Tehran has denied ever seeking nuclear weapons and accuses its arch-foe Israel of stirring up world suspicions against it.

However, much of what Netanyahu presented is unlikely to surprise world powers, which have long concluded that Iran was pursuing atomic weapons before the agreement was signed in 2015: that is why they imposed sanctions in the first place. The agreement lifted those sanctions in return for curbs on Iran’s nuclear work.

The French ambassador to Washington, Gerard Araud, tweeted that information about past Iranian nuclear activity was in fact an argument in favor of the nuclear deal, not against it.

Washington’s European allies say Tehran has generally abided by the terms of the deal since then, and have urged Trump not to scrap it. Some independent analysts and diplomats said Netanyahu appeared to be presenting old evidence.

Eran Etzion, former deputy Israeli national security adviser who now heads the Israeli-European think-tank Forum of Strategic Dialogue, said on Twitter: “No ‘smoking gun’ was revealed this evening, nor was it proven that Iran is today developing nuclear weaponry or violating the (nuclear deal) in any other way.”

A senior European diplomat told Reuters: “We knew all of this and what especially stands out is that Netanyahu doesn’t speak of any recorded violations” of the deal itself.

Speaking after Netanyahu’s presentation, Trump told a White House news conference the nuclear deal was “a horrible agreement for the United States”. He said it would let Tehran develop nuclear arms after seven years and had “proven right what Israel has done today” with Netanyahu’s disclosures.

However, Washington itself has concluded that Iran has not violated the deal’s terms. Two U.S. intelligence officials who have monitored Iran’s nuclear weapons program for years said nothing in Netanyahu’s remarks appeared to contradict that view.

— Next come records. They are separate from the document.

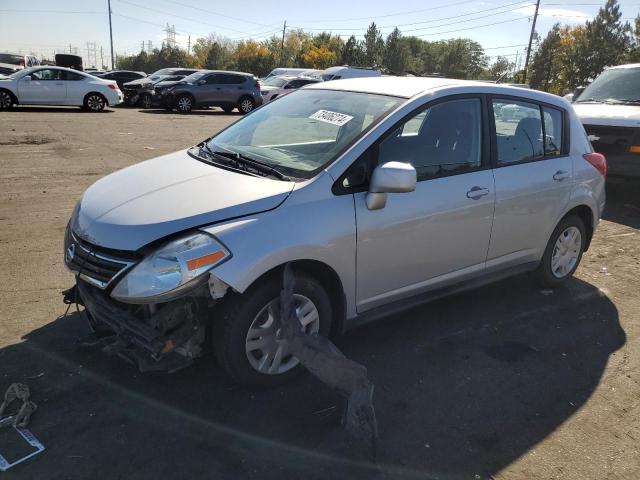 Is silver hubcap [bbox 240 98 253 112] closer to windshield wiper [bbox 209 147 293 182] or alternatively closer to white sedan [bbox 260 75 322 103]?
white sedan [bbox 260 75 322 103]

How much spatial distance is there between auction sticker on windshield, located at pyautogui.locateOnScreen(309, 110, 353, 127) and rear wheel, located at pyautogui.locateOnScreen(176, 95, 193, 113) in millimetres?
19281

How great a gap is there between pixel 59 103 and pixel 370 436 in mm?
19403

“We have seen no new and credible evidence that Iran is violating the agreement, wither in the Prime Minister’s remarks today or from other sources,” said one of the officials, both of whom spoke on the condition of anonymity.

Moments before Netanyahu spoke Iranian Foreign Minister Mohammad Javad Zarif tweeted: “The boy who can’t stop crying wolf is at it again”.

Abbas Araqchi, a senior Iranian foreign ministry official, was quoted by Iran’s Tasnim news agency as calling Netanyahu’s presentation “a childish and ridiculous game” with the goal of influencing Trump’s decision ahead of the May 12 deadline.

Israel is widely believed to be the only nuclear-armed state in the Middle East, though it neither confirms nor denies possessing atomic weapons.